Bu üç örgütte silahlı mücadele adına can hıraş çalışma yürütmeye başlarlar. Yeni bir devrimcilik anlayışının yaratıcıları olurlar. Bu süreç aynı aynı zamanda devrimci hareketin de kuruluşu demektir. Türkiye ve Kürdistan topraklarında İbrahim, Mahir ve Denizlerin yarattığı mücadele tarihinin mirasıdır. 

FEDA RUHU: KIZILDERE
Deniz Gezmiş ve yoldaşlarının yakalanmasının ardından Mahir Çayan ve yoldaşları birçok eylem düzenler. Maltepe Askeri Hapishanesi'nden THKP-C ve THKO önder kadroları firar ederler. Deniz, Yusuf ve Hüseyin'in serbest bırakılması için 3 İngiliz teknisyen takas edilmek için kaçırılır. 30 Mart 1972 tarihinde Mahir ve yoldaşları Tokat Niksar'ın Kızıldere köyünde, kerpiç bir evde kuşatılırlar. 

"Biz buraya dönmeye değil, ölmeye geldik!" diyen Mahir Çayan ve on yoldaşı; siper yoldaşlığının ve feda ruhunun tarihini yazarlar. Tarihin unutulmaz bu feda eylemi her dönem siper yoldaşlığının değerini ve önemini bizler için hatırlatır. 

SEHPAYA BİR TEKME
Yakalanan Deniz, Hüseyin ve Yusuf 9 Ekim tarihinde idam cezasına çarptırılır. Mahkeme sürecinde her biri yargı kürsüsünü yargılama kürsüsüne çevirir. 6 Mayıs günün ilk saatlerinde Deniz'in kendi idam sehpasına vurduğu tekme ile başlayan dakikalar boyunca üç önemli gençlik önderi ölümsüzleşir. 

Sadece onlar değil, bu tarihi yaratan birçok genç devrimci; Taylan Özgür, Sinan Cemgil, Mahir Çayan, İbrahim Kaypakkaya ve daha niceleri bizlere her dönemde gençliğin buzkıran rolünü oynadığını tekrar tekrar hatırlatıyorlar. Her koşulda bizlere pes etmemeyi, "eylemde" kendini var etmeyi gösteriyorlar. Gösterilen bu yol 48 yıl sonra dahi bizler için deniz feneri değeri taşıdığı için onların isimlerini söylemekten ve yaşatmaktan vazgeçmiyoruz. Bitti diyenlere en güçlü cevabı Commer'ın arabasını ters çevirip yakarken cevap veriyor ya da sokaklara çıkamazsınız denilirken işgalle, düşmanı denize atarken buluyoruz kendi gücümüzü.

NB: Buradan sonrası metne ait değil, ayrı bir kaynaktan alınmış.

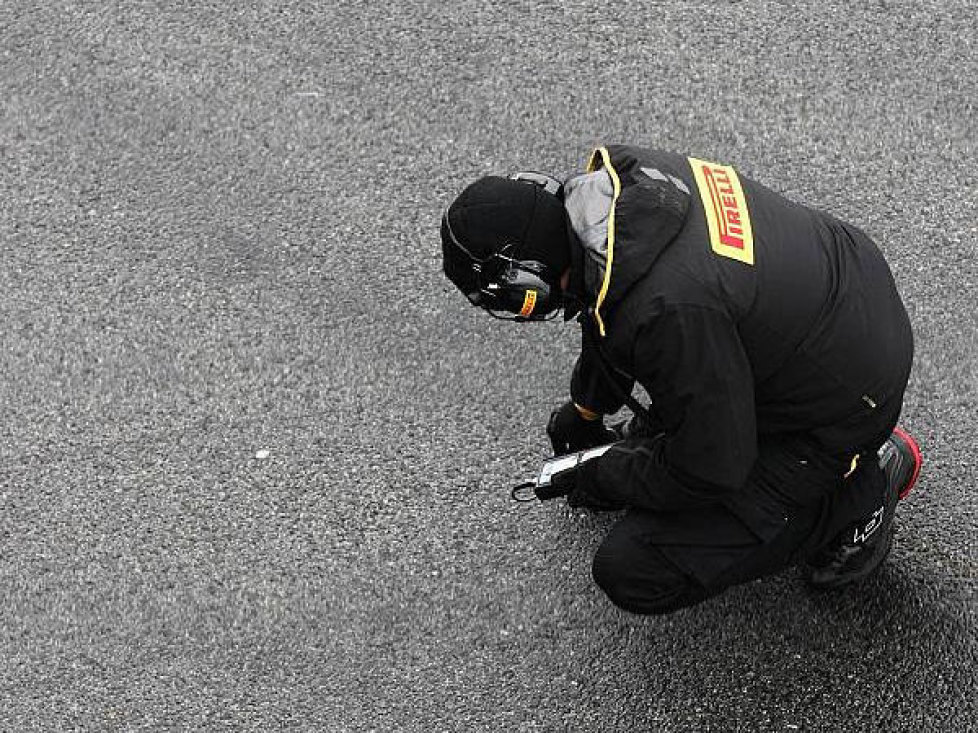 Pirelli-Mitarbeiter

Kanla yazılan bu tarih gençlik hareketinin en büyük mirası her koşulda ve şartta olursa olsun devrimciliği, eylemi örgütleyebilecek birçok yolun bizlerin kafasının içinde saklı olduğunu gösteriyor. Her biri bizden, her biri bizlerin içinden çıkmış bu isimler sosyalizm ve devrim mücadelesinde hiçbir şeyin imkansız olmadığını farklı eylemliklerle gösteriyor. ODTÜ'yü burjuvazinin üretim noktası haline getirmek isteyenlere karşı orada "DEVRİM" yazısını yazmak, Beyazıt'ta faşist saldırılara karşı işgal eylemleri düzenlemek yani, "Burada bir şey yapamazsınız" diyenlere karşı "Biz tarihi baştan yazarız" demek oluyor onların bıraktığı miras.

Şimdi tarih bizden o mirası sırtlanıp her koşulda ve şartta yeniyi, güçlüyü, devrimci olanı yapmayı bekliyor. Bu da demek oluyor ki idam sehpasına bir tekmeyi de bizim atmamız gerekiyor.